Nearly two months after nights of sweeping civil unrest in Minneapolis and St. Paul, business owners, residents and property owners devastated by the destruction still need help rebuilding.
More than 1,500 buildings along major commercial thoroughfares like Minneapolis’ East Lake Street, West Broadway Avenue and St. Paul’s University Avenue suffered what officials estimated are $500 million in damages as a result of the fires, looting and vandalism that occurred following George Floyd’s death in police custody on Memorial Day.
Legislation approved Friday in the House Jobs and Economic Development Finance Division would create an immediate relief program for those impacted areas, with more than $167 million in General Fund funding proposed to aid rebuilding.
Approved and re-referred to the House Ways and Means Committee along party lines, SSHF37 would make flexible loans of up to $500,000 to eligible entities, and grants of up to $250,000.

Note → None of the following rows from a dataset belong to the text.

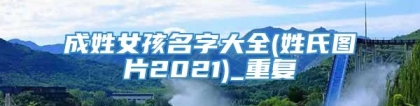 成姓女孩名字大全(姓氏图片2021)_重复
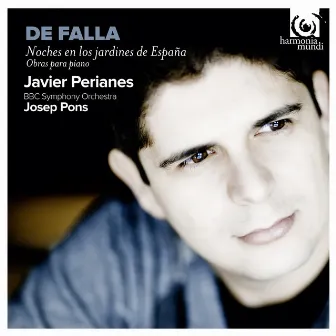 Falla: Nights in the Garden of Spain; Solo Piano Works by Javier Perianes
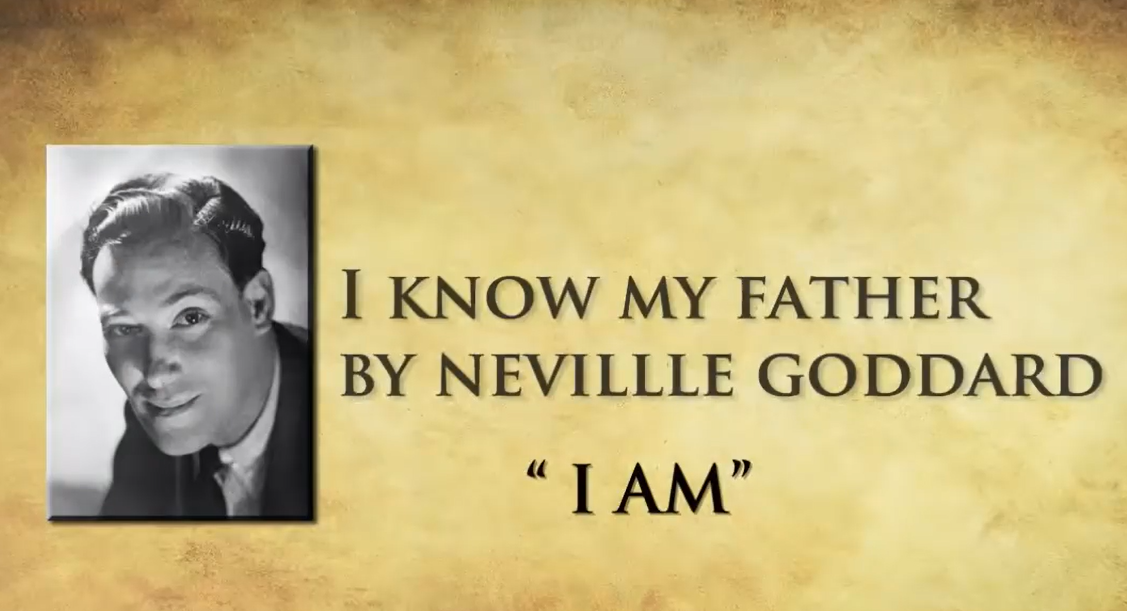 I Know My Father - Neville Goddard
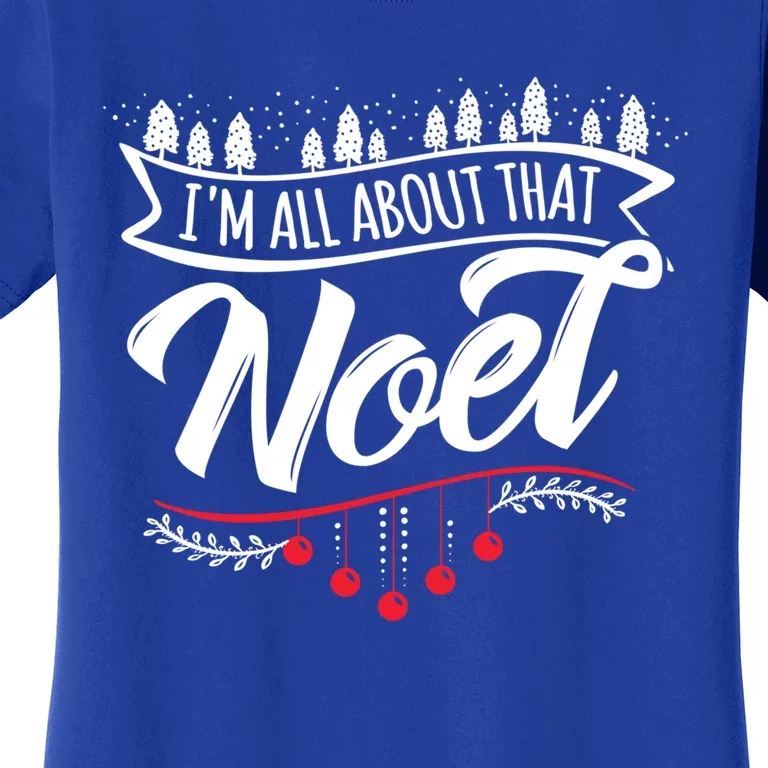 Christmas Noel Ugly Gift I'm All About That! Cute Gift Women's T-Shirt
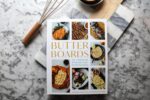 Butter Boards: 100 Inventive and Savory Spreads for Entertaining - Image 3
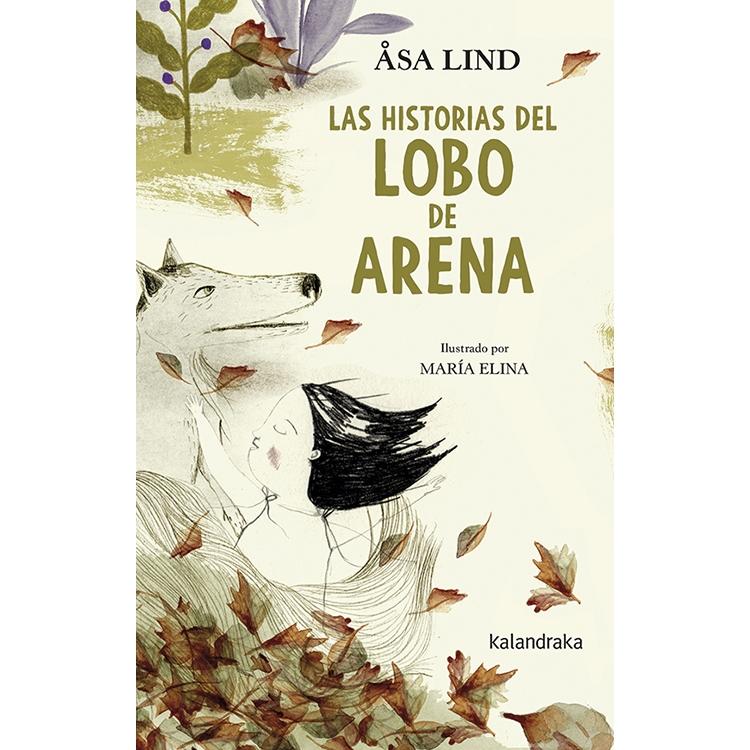 Las historias del lobo de arena. 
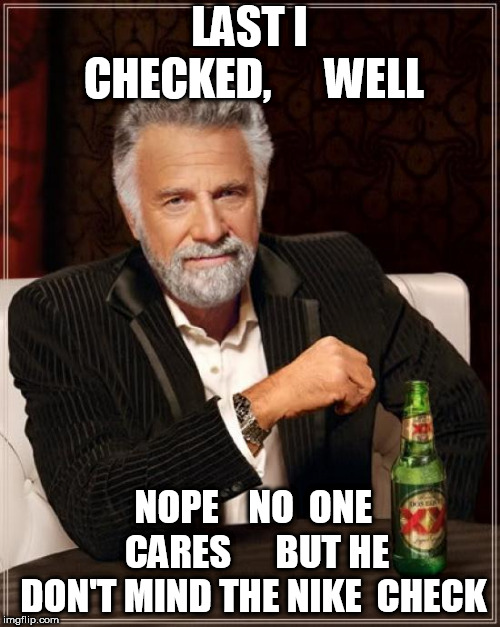 The Most Interesting Man In The World Meme | LAST I CHECKED,      WELL NOPE    NO  ONE  CARES





BUT HE DON'T MIND THE NIKE  CHECK | image tagged in memes,the most interesting man in the world | made w/ Imgflip meme maker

Davnie said the primary goal of the bill is to help existing businesses and non-profits rebuild — not to replace the many existing minority- and immigrant-owned businesses in those areas with new redevelopment. The bill would do so by requiring grant and loan recipients to remain in the community and to develop plans for continued operations in their neighborhoods.
“Many of the businesses on Lake Street are Black and brown folks, immigrants,” said Rep. Hodan Hassan (DFL-Mpls), who represents part of the area impacted by May and June’s civil unrest. “Many of them are first-generation immigrants who came to this country with nothing, saved up, started a business with everything they had.”
Organizations eligible for the funding include federally certified community development financial institutions, cities, the Minneapolis Community Development Agency and the St. Paul Housing and Redevelopment Authority. Under the legislation, those organizations would develop their own local economic relief programs to aid the impacted areas. Organizations would also have to establish and meet performance measures that would be monitored by the Department of Employment and Economic Development.
With no Senate companion, however, the path forward for SSHF37 appears murky. No Republicans on the House jobs panel voted in support of the bill Friday, and Rep. John Koznick (R-Lakeville) said he had concerns the legislation doesn’t address public safety issues in the impacted areas.
“One of the things I see that’s missing … is addressing the security concerns that the business owners have, that their employees have,” he said. “Certainly there are concerns with security, safety in those areas that still remain [weeks after the unrest].”